Search code examples
pythonalgorithmtwitterpython-twitter

Is there a faster way to do this? (python twitter location)


I'm trying to return a dictionary that aggregates tweets by their nearest state center. I'm iterating over all the tweets, and for each tweet, I'm checking all the states to see which state is the closest.

what would be a better way to do this?

def group_tweets_by_state(tweets):
    """

    The keys of the returned dictionary are state names, and the values are
    lists of tweets that appear closer to that state center than any other.

    tweets -- a sequence of tweet abstract data types """


    tweets_by_state = {}
    for tweet in tweets:
        position = tweet_location(tweet)
        min, result_state = 100000, 'CA'
        for state in us_states:
            if geo_distance(position, find_state_center(us_states[state]))< min:
                min = geo_distance(position, find_state_center(us_states[state]))
                result_state = state
        if result_state not in tweets_by_state:
            tweets_by_state[result_state]= []
            tweets_by_state[result_state].append(tweet)
        else:
            tweets_by_state[result_state].append(tweet)
    return tweets_by_state

Solution

  • Every little enhancement in that huge for-loop would result in huge performance gain for time complexity when the number of tweets is extremely big, there are few things I can think of:

    1. Just call geo_distance() once especially when it's costly

    distance = geo_distance(position, find_state_center(us_states[state]))
    if distance < min:
         min = distance
    

    rather than

    if geo_distance(position, find_state_center(us_states[state]))< min:
        min = geo_distance(position, find_state_center(us_states[state]))
    

    2. If positions tend to be be repeated often:

    position_closest_state = {}  # save known result 
    tweets_by_state = {}
    for tweet in tweets:
        position = tweet_location(tweet)
        min, result_state = 100000, 'CA'
    
        if position in position_closest_state:
            result_state = position_closest_state[position]
        else:
            for state in us_states:
                distance = geo_distance(position, find_state_center(us_states[state]))
                if distance < min:
                    min = distance
                    result_state = state
                    position_closest_state[position] = result_state 
    

    So, let's say if you have 1000 tweets from 200 different positions, and us_states is 50, your origin algorithm would call geo_distance() 1000*50*2 times , now it can be reduced to 200*50*1 times of invocation.

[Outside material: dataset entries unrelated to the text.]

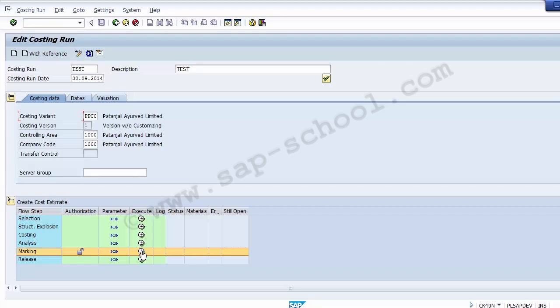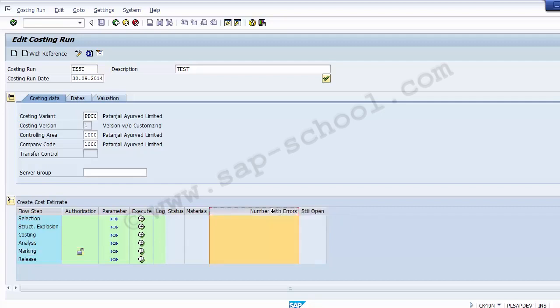Once the costs are released, they are valid for the given date range and appear as the current standard cost estimate in the material master data. On the basis of this costing run, a new price gets updated in the material master for the next period. After executing each step, it is important to review the error log and resolve any errors. Once errors in a given step are resolved, you must re-execute each step from the beginning to see the effects. You also have the option to execute any step in the background when processing a large number of materials.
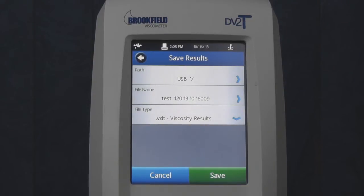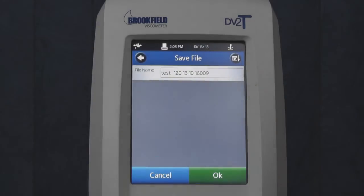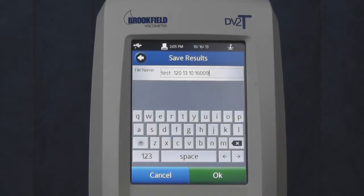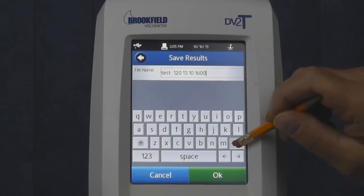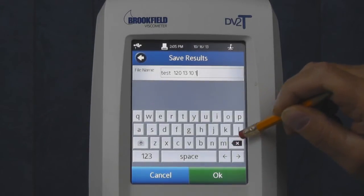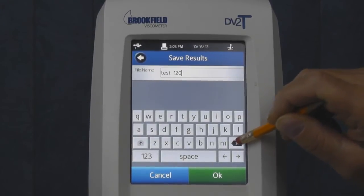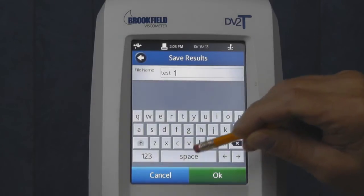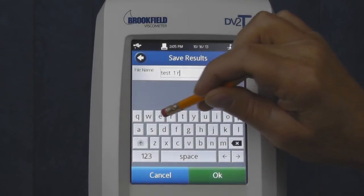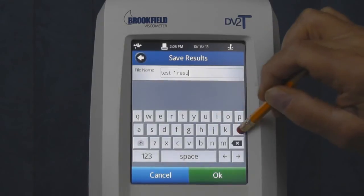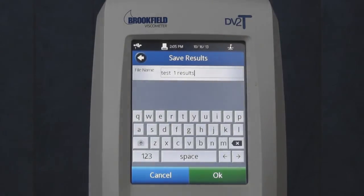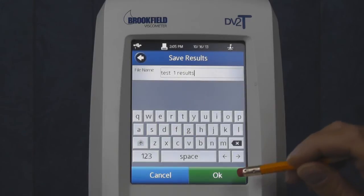You can use the existing file name, or to create a new file name, touch the file name box and then touch the default date code name. Backspace to delete unwanted characters and enter your new file name and touch OK.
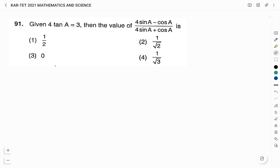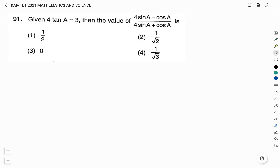Given 4 tan(A) is equal to 3, then the value of (4 sin(A) minus cos(A)) divided by (4 sin(A) plus cos(A)) is: option 1: 1/2, option 2: 1/root 2, option 3: 0, option 4: 1/root 3. In the question, it is given 4 tan(A) is equal to 3, so from this I can write tan(A) is 3 divided by 4.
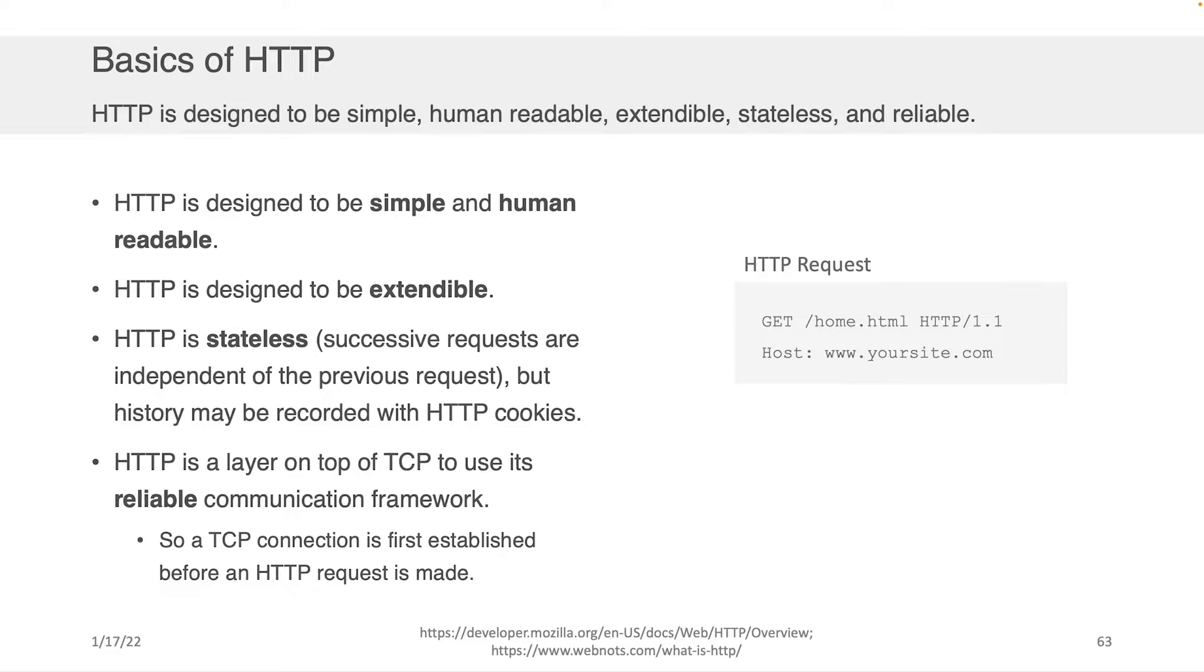It's stateless by default. So when you make one request to google.com, followed by another request to google.com, Google returns the same information. There's exceptions to this, of course, because you can record history using HTTP cookies. But out of the box, HTTP is stateless. It doesn't assume that it has access to the state.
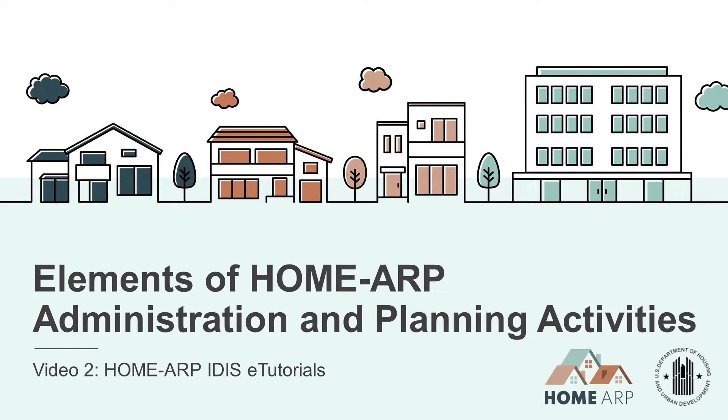Hello and welcome to the Home ARP IDIS eTutorials. This tutorial is designed to show home participating jurisdictions, or PJs, how to create administration and planning activities in IDIS for Home American Rescue Plan funding, also known as Home ARP.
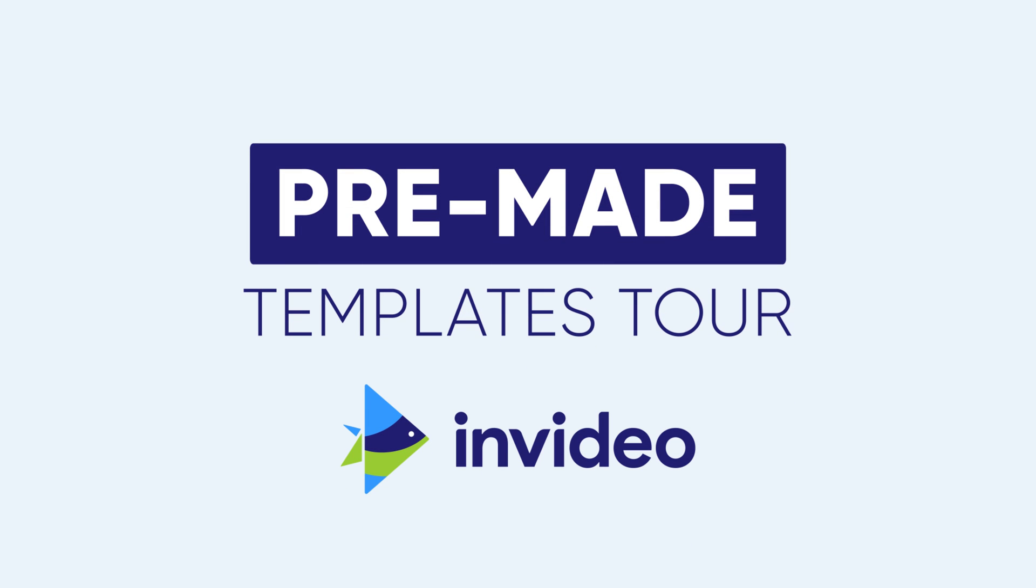Hey everyone, welcome to InVideo! This is a quick tour of our pre-made templates and how you can use them to create stunning videos in minutes.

    3. Reduce the times of invocation on find_state_center()

    Similar to #2, it is called redundantly for every tweet every state now.

    state_center_dict = {}
    for state in us_states:
        state_center_dict[state] = find_state_center(us_states[state])
    
    position_closest_state = {}  # save known result 
    tweets_by_state = {}
    for tweet in tweets:
        position = tweet_location(tweet)
        min, result_state = 100000, 'CA'
    
        if position in position_closest_state:
            result_state = position_closest_state[position]
        else:
            for state in us_states:
                distance = geo_distance(position, state_center_dict[state])
                if distance < min:
                    min = distance
                    result_state = state
                    position_closest_state[position] = result_state 
    

    Now find_state_center() is only called 50 times (number of state) rather than 50*1000 (number of tweets), we made another huge improvement!

    Performance achievement summary

    By #1, we double the performance. #2 we enhance it by (number of tweets/number of positions) times. #3 is the biggest among the three, we reduce the time complexity to only 1/(number of tweets) comparing with origin code.